Fortunately for Weber, the next two volumes published in the Honorverse were side stories – one Flint’s creation, the other Weber’s own idea to continue the story after the main plot wrapped up – and much lighter in tone, so that when he got around to finishing At All Costs, the volume that was supposed to wrap up the main story – even if it had in the meantime been dragged much closer chronologically to the other now-continuing intended-to-be-sequel series than Weber had planned – I at least was ready to see what happened without too much trepidation and the bad taste of this one rather forgotten.  But it’s a really bad taste.

Review: A Two-for-One

One of my popcorn guilty pleasures has for the last several years been David Weber’s Honor Harrington series, which with spinoffs and what-not is now quite a large number of books.  I have read most of them, I think, and while at this point the continuing series is beginning to drag quite a bit, I have this thing about finishing books I start, at least eventually.  So when I went to the library and noticed a new pair of titles in the series I figured I’d read them.  One of the causes of the series getting quite so large was that Weber started doing collaborations on side-stories with other authors.  At this point I think the other authors do most of the writing for their particular bit, and Weber mostly checks it over for consistency – more or less – with the main story.

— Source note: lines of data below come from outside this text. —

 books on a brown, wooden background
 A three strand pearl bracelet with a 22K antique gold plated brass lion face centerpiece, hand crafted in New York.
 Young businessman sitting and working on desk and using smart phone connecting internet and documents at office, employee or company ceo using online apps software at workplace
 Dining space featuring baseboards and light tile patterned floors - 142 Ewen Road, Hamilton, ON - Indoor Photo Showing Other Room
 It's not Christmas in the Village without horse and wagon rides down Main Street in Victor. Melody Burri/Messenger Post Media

Cauldron of Ghosts with Eric Flint

Eric Flint is another sci-fi author who mostly deals in time-travel scenarios and whose writing is not very good.  This particular book is a touch above his regular stuff, but in the end it’s pretty much the same kind of thing.  Flint doesn’t provide much substance – his characters, much like the stereotypical American movie-going public, mostly all seem to like sex and stuff blowing up.  His plots, such as they are, are wildly implausible.  His heroes are basically superheroes in all but name.  It’s hard to find much of a redeeming factor to his work – about the only thing is that he makes it clear that he, the author, knows exactly what he’s doing.  He also writes some very funny scenes, with a tendency to slapstick.  I don’t know that the book’s much good, though.

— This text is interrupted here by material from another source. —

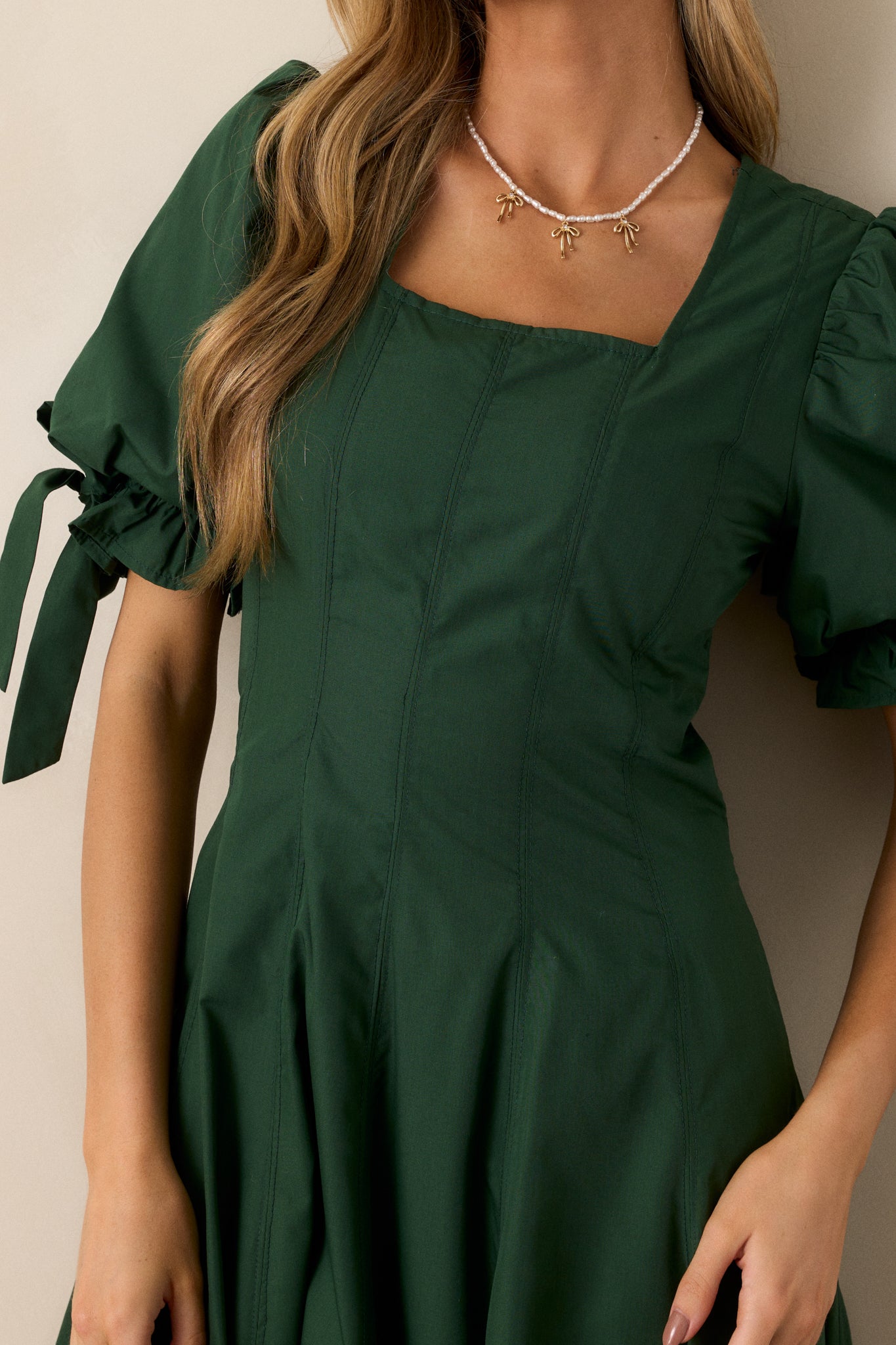 A close-up of the puff sleeves on the green dress, focusing on the smocked detailing and the bow accent.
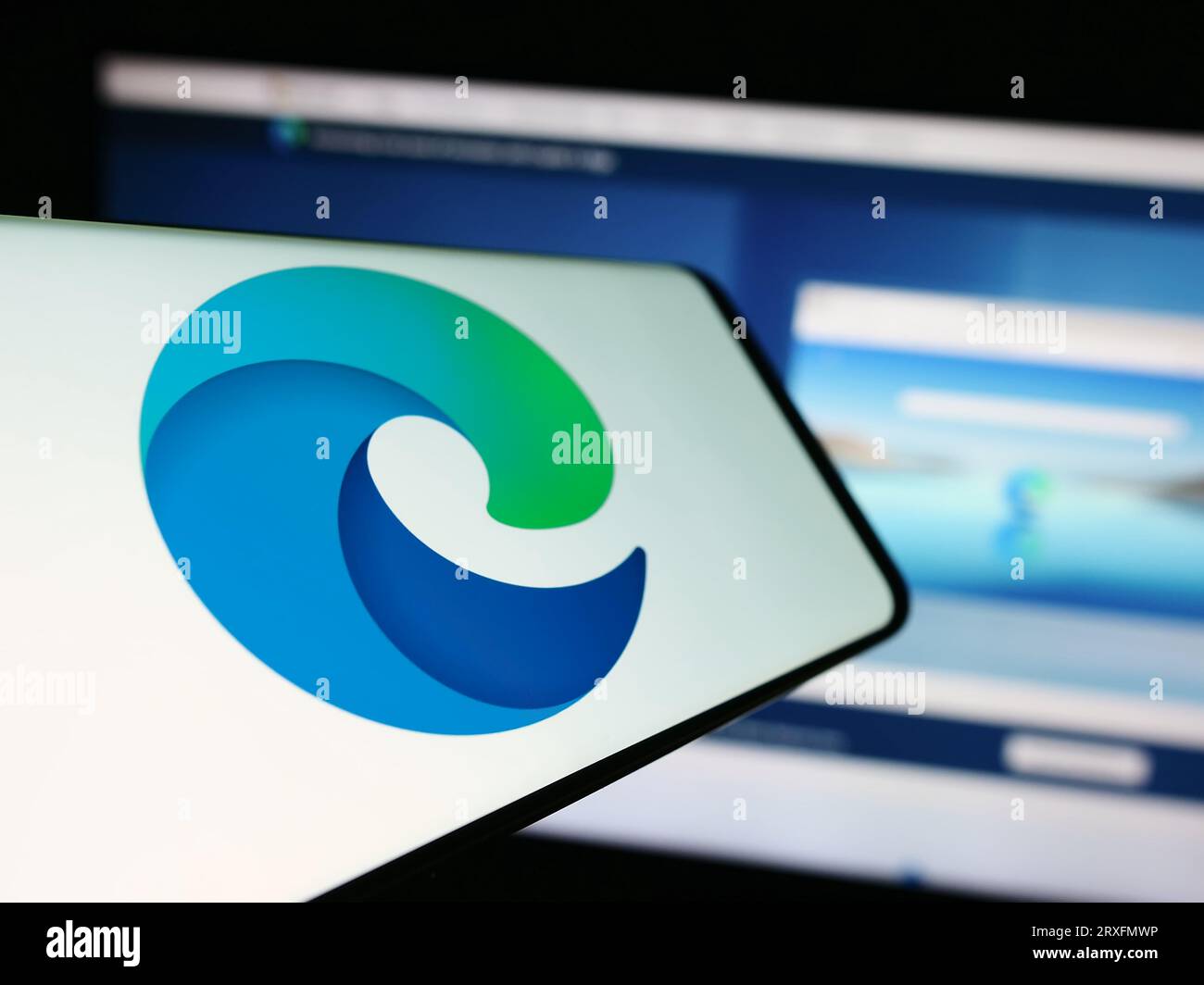Mobiltelefon mit dem Logo des Webbrowsers Microsoft Edge auf dem Bildschirm vor der Business-Website. Konzentrieren Sie sich auf die Mitte der Telefonanzeige. Stockfoto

A Call to Duty with Timothy Zahn

Zahn, on the other hand, is a fairly solid writer – stylistically better than Weber, let alone Flint.  He’s best known for a pair of series in the Star Wars “expanded universe”, but his own stuff is also pretty good most of the time and usually fairly interesting.  He writes mostly sci-fi, with a lot of aliens.  Commonly he features characters with technologically enhanced abilities (for good and bad), and his plots tend toward mysteries and spying, though often with a background of, as the phrase goes, galactic unrest.

Almost all of Zahn’s protagonists, though, tend to be practical, not to say hard-bitten, type who know how the world works and just want to get their job done.  So it was a little bit of a surprise to find that the lead here is a kid just out of high school; and the setting, years before Weber’s main timeline, back near the beginning of Manticore’s history.  (The series – this is apparently going to be a series – is called “Manticore Ascendant”, so that’s not a spoiler.)

Anyway, this one doesn’t quite work.  Part of it is the problem of trying to write a protagonist who doesn’t quite know what he’s doing and still make him out a hero.  Part of it is a general lack of detail in explaining how various things work – an odd complaint when Weber is usually criticized, and rightly, for putting in too much detail, but true all the same.  Mostly, though, the pacing of the book doesn’t quite work.  The thing is spread over several years, and yet the characters – and situations – don’t develop much.

So neither of these books was particularly good.  Cauldron was more entertaining, taken by itself, but I’m rapidly running out of patience with Flint’s schtick (and with the whole Mesa storyline, for that matter).  A Call to Duty was a weak book, but the story might have some promise going forward.  At least it’s a newer (to the reader) setting.